Our first stop was the house of my 1st cousin 2x removed. After seeing his land, talking about the effects of Hurricane María, and being gifted many fruits, I gathered up the courage to ask if he was willing to take two DNA tests for me. I was a bit scared he would say 'no' for fear of not knowing what the test would do, but he was very willing to help out. I collected his DNA, wrote down some important information, and when we got back to San Juan mailed off the DNA test.
My reason to test this line was because I wanted to know where in the world it was connected to and whether or not it could prove that my family was related to the Magraner family. The test results came back pretty quickly and so I took a look at them!
Interpreting results
Magraner Haplogroup? [Personal Photo]

Getting a Y-DNA67 gave me basic results, in the sense that R-M269 is a fairly common group and doesn't give too many specifics into the smaller, more recent branches of this Y-DNA branch. My next step would be to upgrade the test to get more detailed results and potentially make more educated results of my connection in R-M269. Under matches, I currently have 2 matches at the Y-DNA67 level but at a genetic distance of 5 and 7, this would mean that our connection is much farther back in history versus having a genetic distance with a smaller number which would mean having a closer relationship in generations. My genetic cousin at the 'genetic distance 5' reached out to me and we quickly chatted and noticed our relation was too far to discover at the moment but interestingly noticed that our surnames both had to deal with fruits - Magraner being a surname connected to the pomegranate tree! Lowering my markers to 37 for example gives me more matches but again, at a pretty far distance. The cousins seem to be wide spread across various countries in Europe, I do have some matches from Puerto Rico but they are at Y-DNA12 which is fairly distant as well. As you can see below my Y-DNA67 match has recent roots in the US but he said his family has older roots in southern France.

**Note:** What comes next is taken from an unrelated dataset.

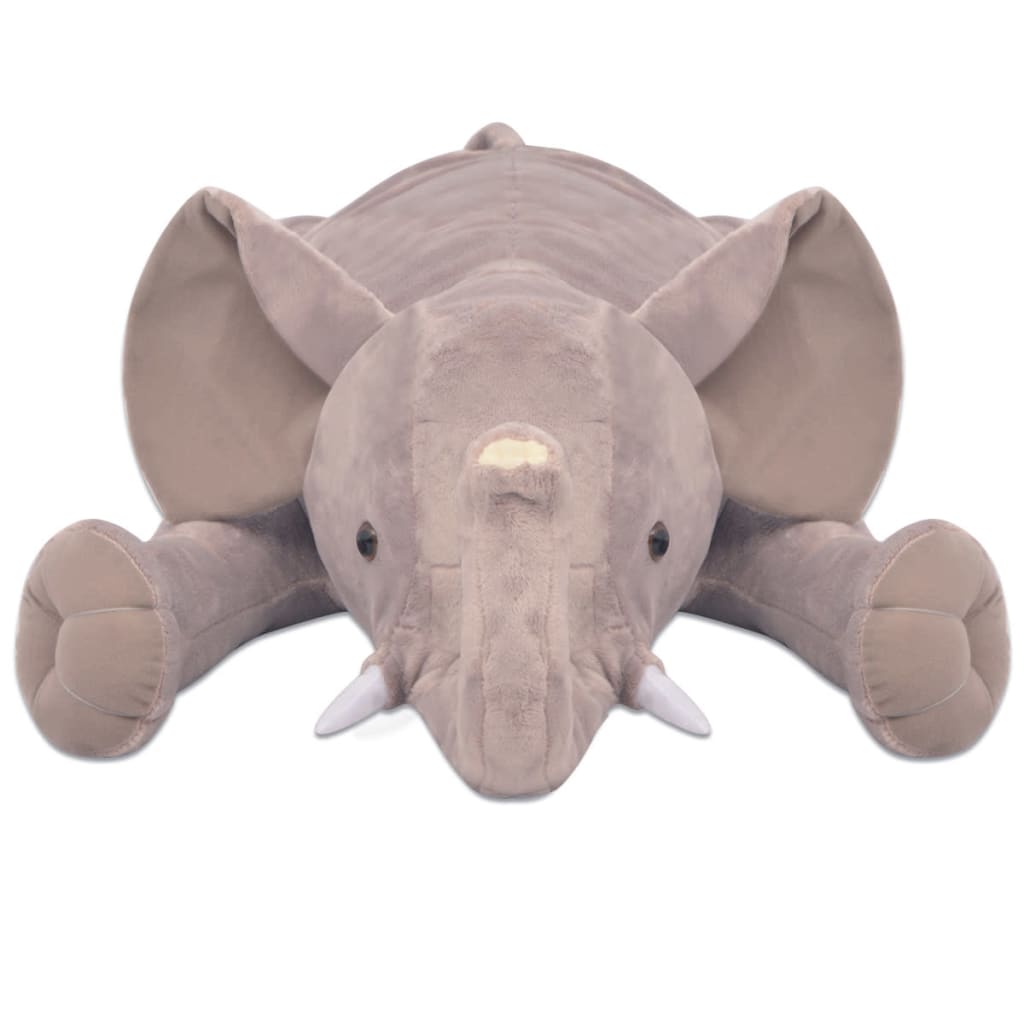 XXL Plush Elephant Toy 95 cm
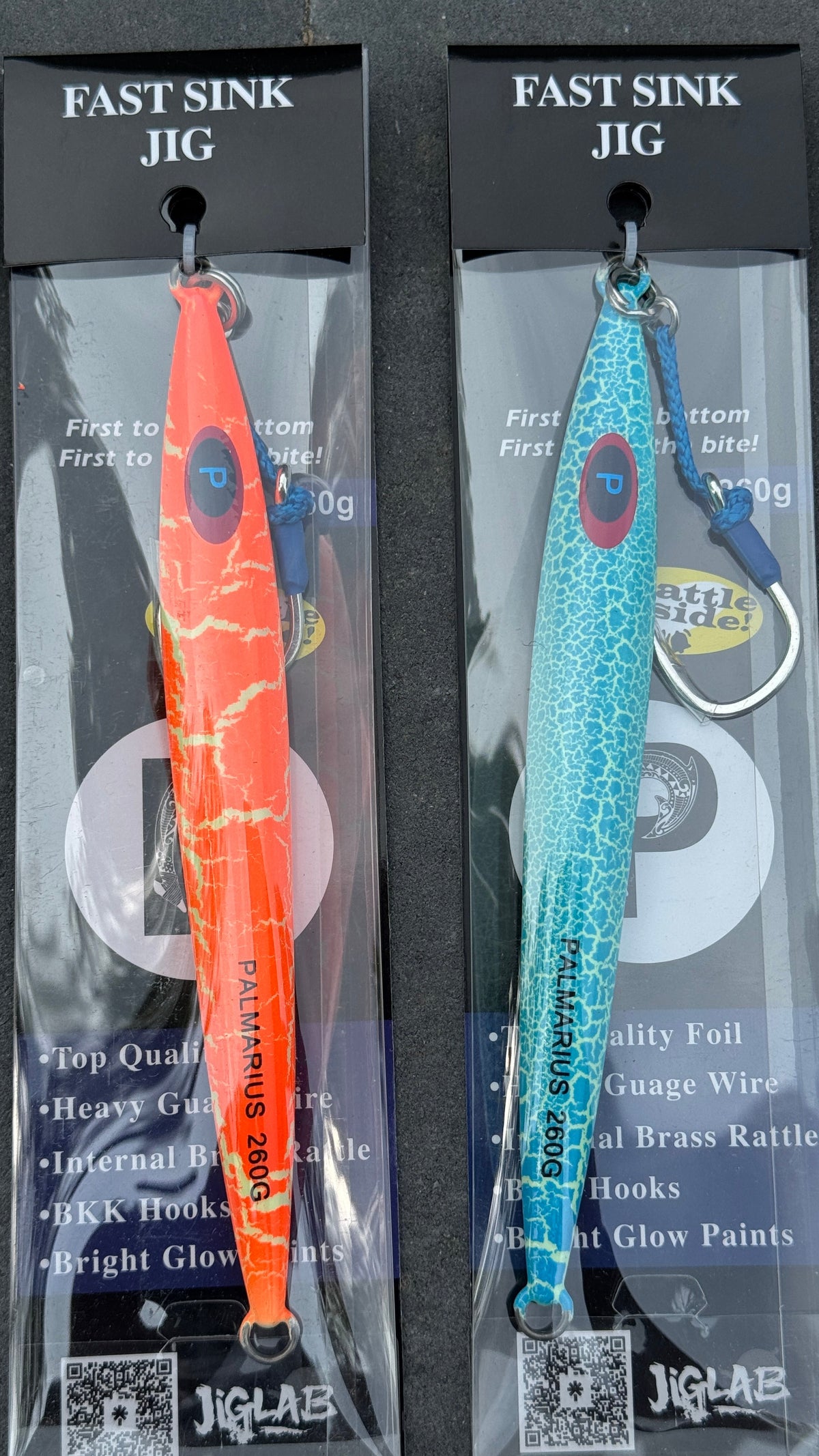 Jig of the Month Club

Y-DNA67 Match [Personal Photo]

My goal is that by hopefully writing about this branch and taking a Y-DNA test I'll be able to confirm my connection to the Magraner family of Sóller, Mallorca. If you descend from this branch, I'd love to chat and see if we can figure out our potential connection!
2 Steps Closer! puerto Rican Genealogy
Conclusion
Though in a sense my results were 'inconclusive', there still is hope! Y-DNA usually takes longer from what I know to establish stronger connections because it's such a specific group that is being tested versus for example autosomal DNA. 23andme has given me a bit of a deeper glance into the R-M269 group and hopefully as I upgrade to Y-DNA111, I will have stronger/clearer results and hopefully a Magraner descendant tests as well. This will in turn allow me to make a genetically educated guess about my Avilés family and whether our roots really are in Mallorca.